RECORDS FOR THIS EXERCISE -
□ □ □ □ □

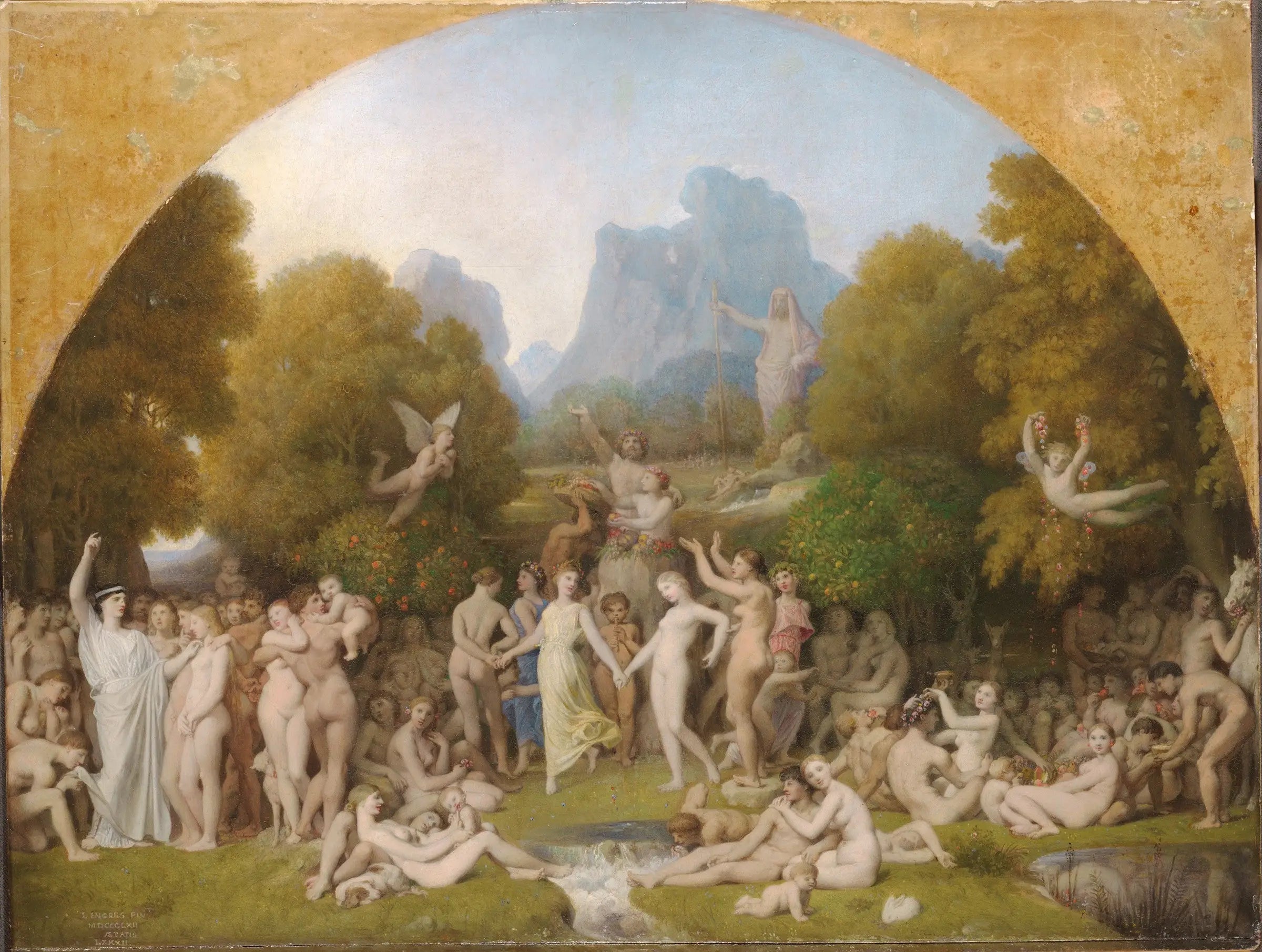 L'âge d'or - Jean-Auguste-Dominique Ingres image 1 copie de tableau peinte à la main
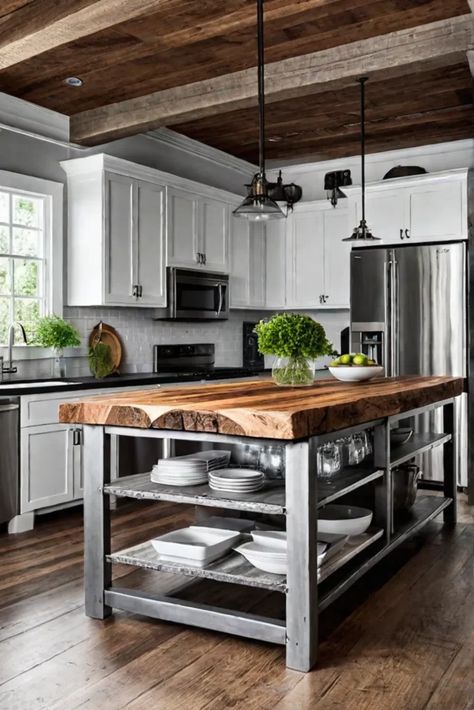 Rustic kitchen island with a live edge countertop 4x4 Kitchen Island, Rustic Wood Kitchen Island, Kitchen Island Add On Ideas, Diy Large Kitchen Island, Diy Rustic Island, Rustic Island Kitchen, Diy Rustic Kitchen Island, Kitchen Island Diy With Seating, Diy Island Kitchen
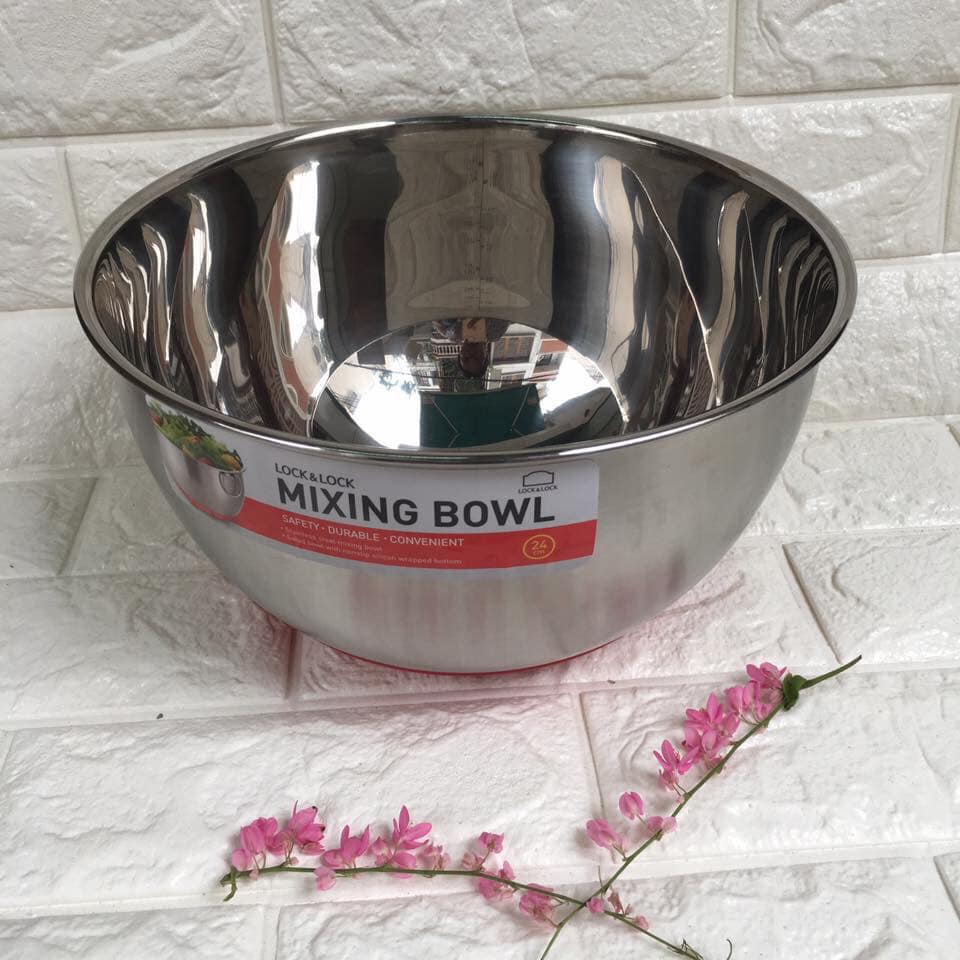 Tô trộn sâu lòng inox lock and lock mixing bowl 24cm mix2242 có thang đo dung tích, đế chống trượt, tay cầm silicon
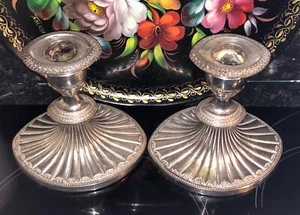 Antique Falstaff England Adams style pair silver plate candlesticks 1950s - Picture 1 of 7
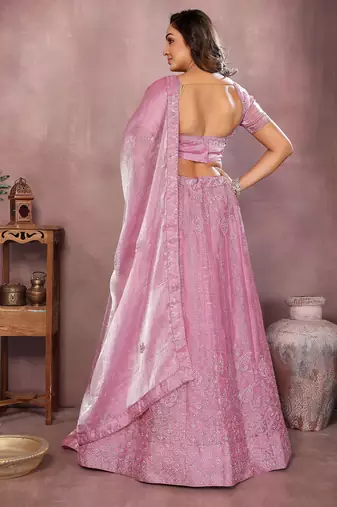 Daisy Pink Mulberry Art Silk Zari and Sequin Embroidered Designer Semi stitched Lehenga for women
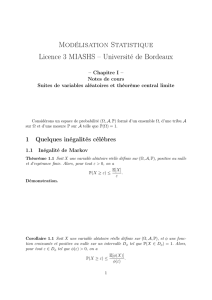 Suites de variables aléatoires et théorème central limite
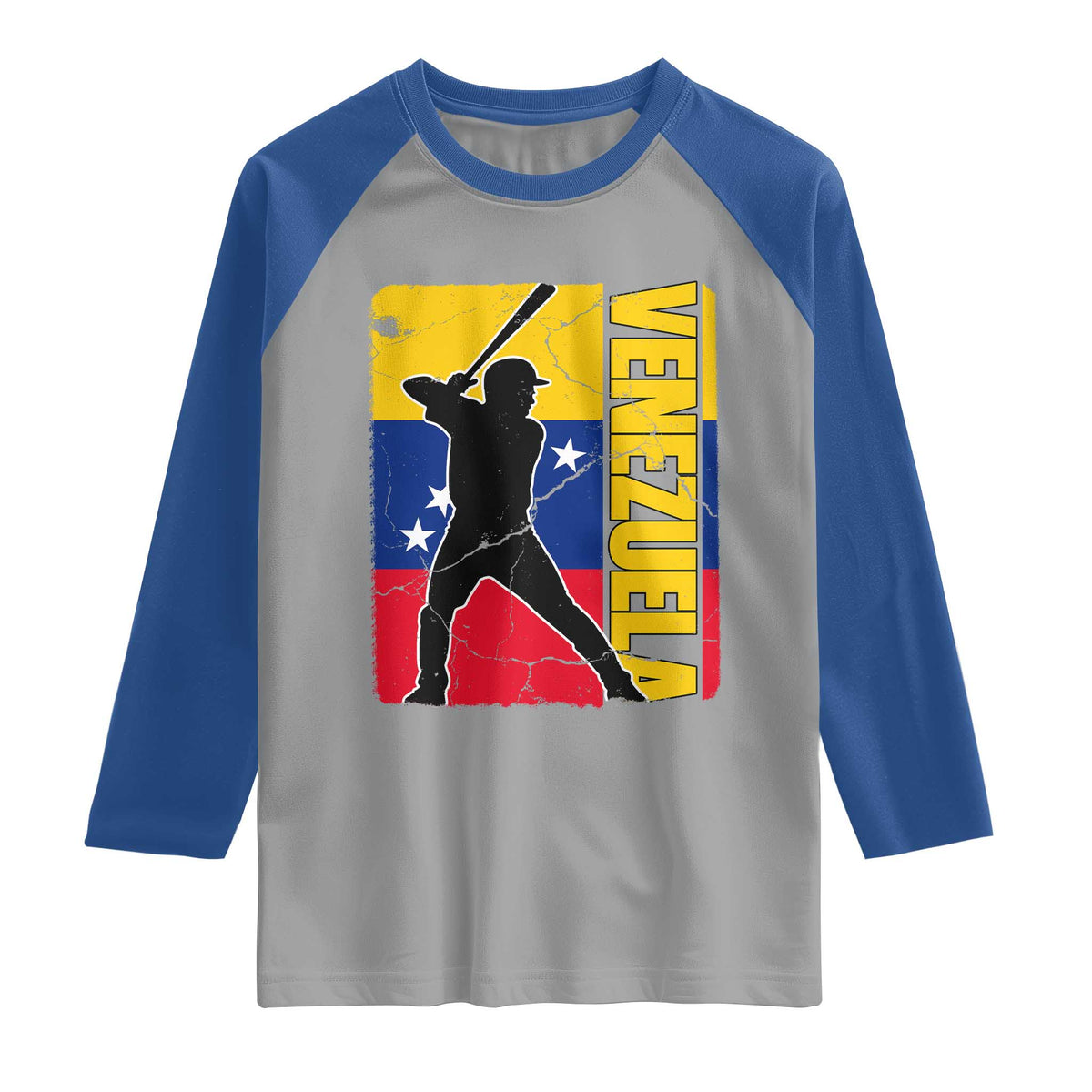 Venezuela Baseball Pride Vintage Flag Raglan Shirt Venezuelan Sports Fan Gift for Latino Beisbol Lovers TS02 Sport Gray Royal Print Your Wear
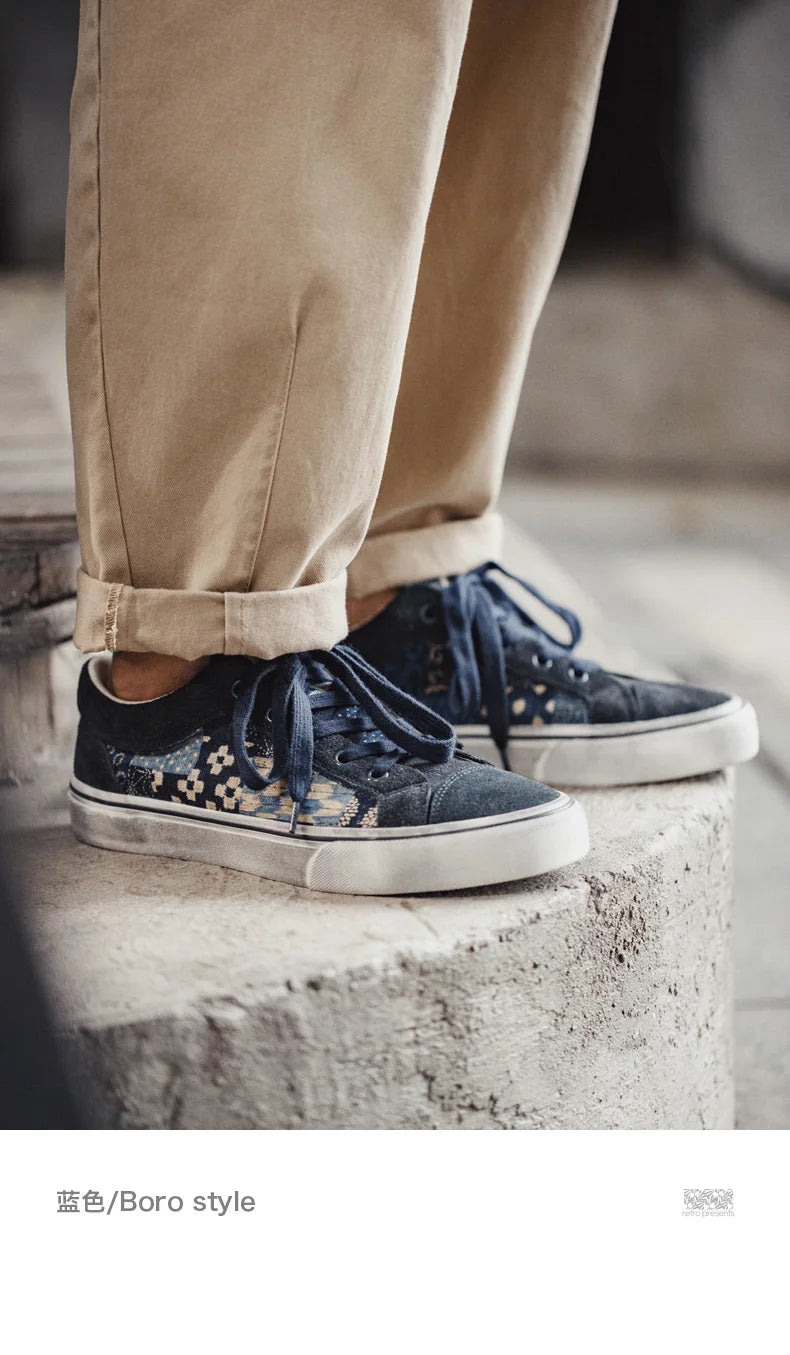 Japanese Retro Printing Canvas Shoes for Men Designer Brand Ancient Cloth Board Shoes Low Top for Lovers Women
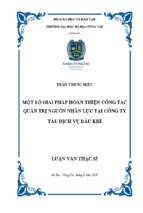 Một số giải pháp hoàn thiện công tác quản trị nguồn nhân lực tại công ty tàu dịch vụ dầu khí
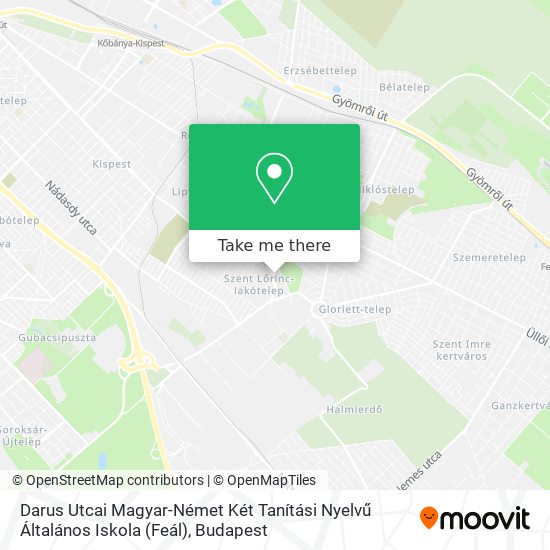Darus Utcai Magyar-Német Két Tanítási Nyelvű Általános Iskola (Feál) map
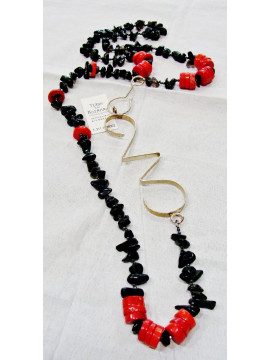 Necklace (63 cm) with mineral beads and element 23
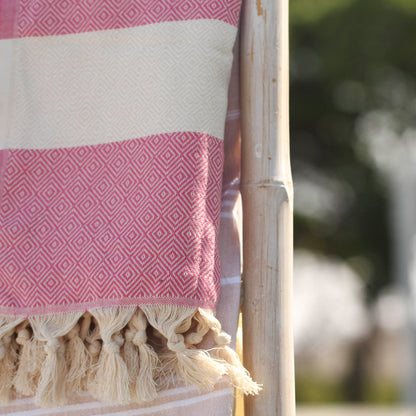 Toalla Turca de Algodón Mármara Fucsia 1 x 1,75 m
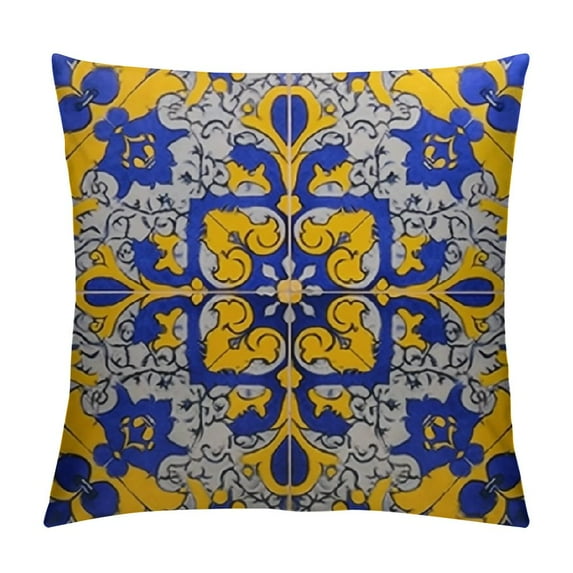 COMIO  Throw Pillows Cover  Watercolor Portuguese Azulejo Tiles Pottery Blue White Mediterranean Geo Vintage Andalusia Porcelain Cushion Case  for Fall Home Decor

□ □ □ □ □

Please return the data above exactly as it stands from the line with "Suites de variables" to the line with "Một số giải", keeping both of those lines but none of the pictures.

RESULT OF THE TASK -
 Suites de variables aléatoires et théorème central limite
 Venezuela Baseball Pride Vintage Flag Raglan Shirt Venezuelan Sports Fan Gift for Latino Beisbol Lovers TS02 Sport Gray Royal Print Your Wear
 Japanese Retro Printing Canvas Shoes for Men Designer Brand Ancient Cloth Board Shoes Low Top for Lovers Women
 Một số giải pháp hoàn thiện công tác quản trị nguồn nhân lực tại công ty tàu dịch vụ dầu khí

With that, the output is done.